A bit of white

 

It was a day for adventure. A hard day at school, a difficult time with my family ... I needed something suitably distracting. Adventure. The world was practically shouting my name. It had snowed a good seven inches about a week ago, and the snow was still thick in the quiet places of the world. I could hardly deny the call when I had been practically aching to spend a good hour in the cold snow. And since I no longer had compelling reasons not to, and my mother was half distracted talking to her mother-in-law, I knew I was being called to go somewhere.

I armed myself with my "Gandalf Staff" - a strange looking dead tree or branch with a gnarled tangle of roots at the top I'd found on a distant mountain that had nearly defeated me - a heavy coat, snow boots and a sense of adventure. At 3:15, I could no longer contain myself and burst forth into the snowy world with a sense of growing excitement. It was a day for exploration and adventure and discovery.

In spite of the fact I've lived for four years in my house, it still feels like I'm going somewhere new every time I pull my boots on and go outside in the snow.

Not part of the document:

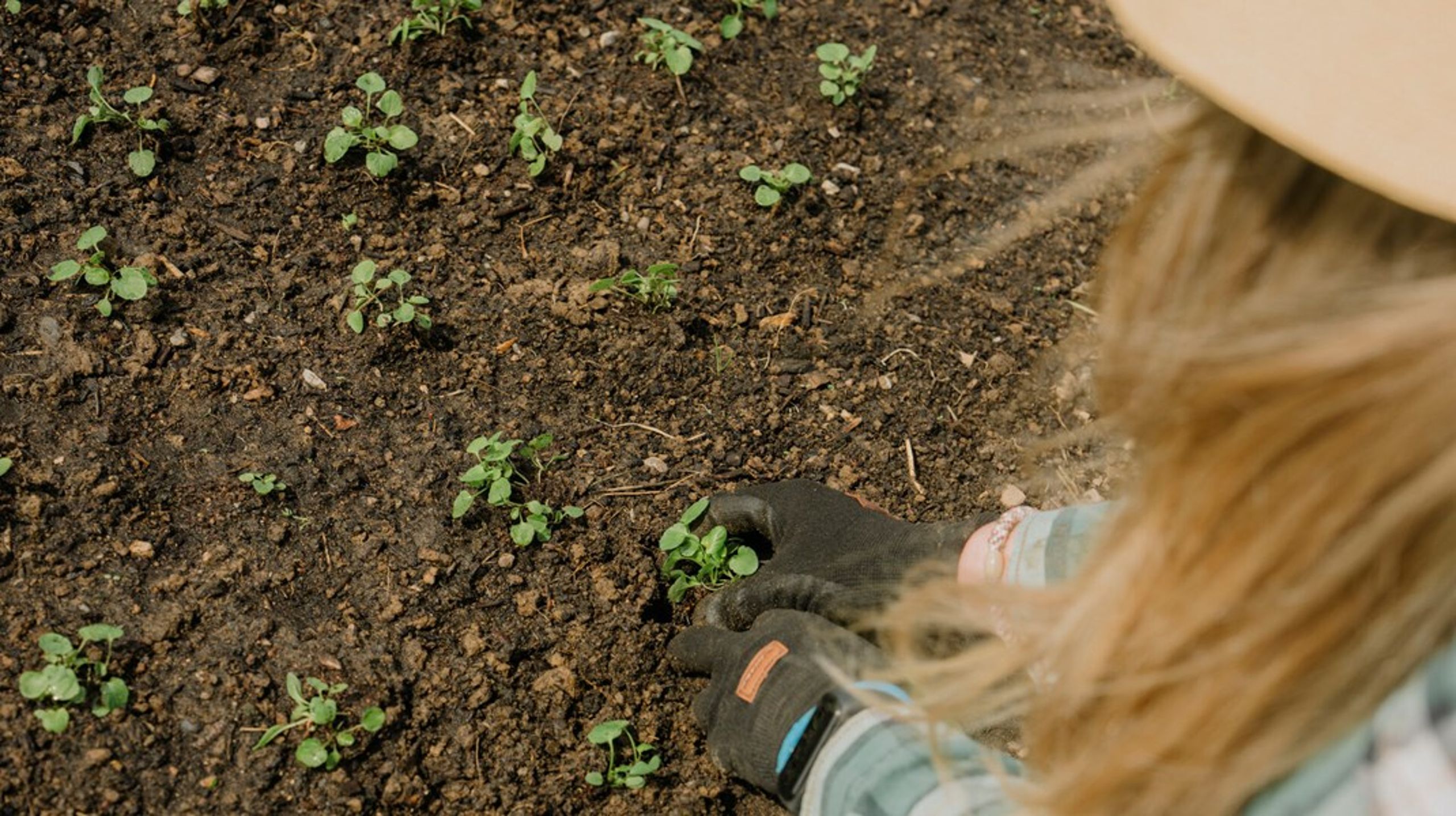 Et afgørende princip i regenerativt landbrug er, at arbejde for at skabe end sundere og mere frugtbar jord at dyrke i. Det sker blandt andet ved, at jorden ikke skal pløjes.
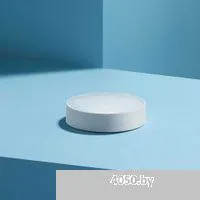 Xiaomi Mijia Light Sensor GZCGQ01LM (китайская версия)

I revel in this fact, enjoying the sensations of the chill laden air, the sparkle of sunlight on snow, the crunch of ice beneath my foot, and all the sensations that make up a sunny day after a good snow.

I ventured into a familiar meadow, now greatly changed from when last I ventured there; since the closing paragraphs of "A Walk in the Woods", I had not visited "my" meadow, nor the woods beyond. In truth, I'd been just a little scared of what I'd find. No longer. My staff and the yet white snow were enough to protect me from whatever I inwardly feared.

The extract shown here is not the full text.